Mystery Surrounds Leaked Draft DHS Document at Center of Controversial Travel Ban Decisions by Two Federal Judges

Both federal judges who issued separate decisions on March 15 revoking President Trump’s travel ban cited a draft Department Homeland Security document leaked to the Associated Press by an unknown person and included in a story published on February 24 as evidence central to their rulings.

he significance of the unofficial leaked draft DHS document upon which these two federal judges relied in making their controversial travel ban decisions is the false information it conveys about the level of risk posed to national security by refugees who commit terrorist acts.

The leaked draft DHS document also makes no mention at all of the significant public health risk, particularly from tuberculosis posed by refugees, a topic on which Breitbart News has reported extensively.

Neither Judge Chuang nor Judge Watson noted that two Somali refugees, Dahir Adan in St. Cloud, Minnesota, and Abul Razak Ali Artan in Columbus, Ohio, committed acts of terror during a two month period in 2016, the first in September 2016 and the second in November 2016, that injured  a total of 21 Americans.

The data included in the leaked draft document “is dramatically different than the data reported in another list of terrorists compiled by former Senator, now Attorney General, Jeff Sessions,” Breitbart News reported last month.

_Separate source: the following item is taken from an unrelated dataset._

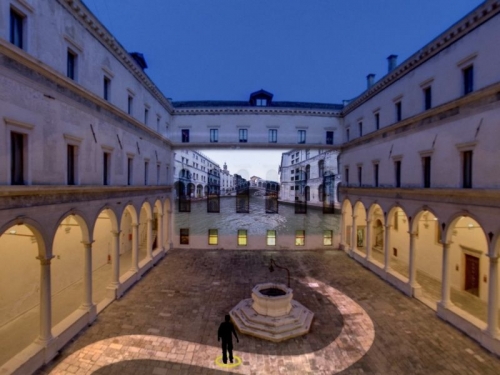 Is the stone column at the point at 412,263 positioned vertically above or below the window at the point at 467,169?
below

According to a document published by the Senate Judiciary Committee’s Subcommittee on Immigration and the National Interest, “DOJ Public/Unsealed Terrorism and Terrorism-Related Convictions 9/11/01-12/31/14,” 74 people from the seven countries identified in the temporary travel ban in Executive Order 13679–Iran (3), Iraq (19), Libya (1), Somalia (21), Syria (7), Sudan (3), and Yemen (20)–were arrested and convicted of terrorist acts between 2001 and 2014.